In the case of vitamin C, the HPLC method was already tested in a previous research (León-Ruiz et al. 2011), compared with the titration with the 2,6-dichloroindophenol method (AOAC 2005), and no statistically significant differences were found.

Conclusions

A simple RP-HPLC method in isocratic mode has been developed to detect seven water-soluble vitamins (B1, B2, B3H, B3N, B5, B6 and C) in honeys. The combination of two mobile phases, H2SO4 0.01 %/MeOH 2 %/25 °C/pH 3.50 and H2SO4 0.01 %/CTAB 0.01 M/MeOH 2 %/25 °C/pH 2.75, provides a suitable method for the chromatographic separation, identification and quantification of these vitamins.

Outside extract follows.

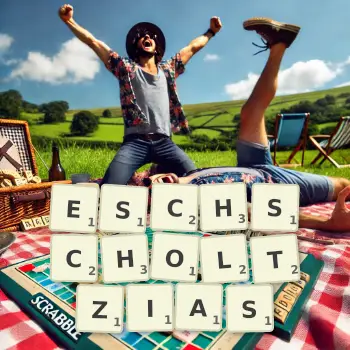 Creative illustration for a Scrabble game with the word ESCHSCHOLTZIAS spelled out in tiles on the board.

The analytical features using both mobile phases are good, with high sensitivity and low limits of detection. The presence of CTAB is especially useful for the determination of vitamins C and B2.

The method has been applied successfully in the vitamin’s determination in honeys with different botanical origins.

Additionally, for beekeepers it is very important to add the nutrition labelling as the amount of vitamins present in honey. According to the European Union (Commission Directive 2008; Council Directive 1990) on nutrition labelling for foodstuffs, 15 % of the recommended daily allowance (RDA) supplied by 100 g should be taken into consideration in deciding what constitutes a significant amount. In the case of studied honeys, all of them meet the requirement with respect to thiamin except lavender. In reference to vitamin C, only the thyme honeys follow the European Directive.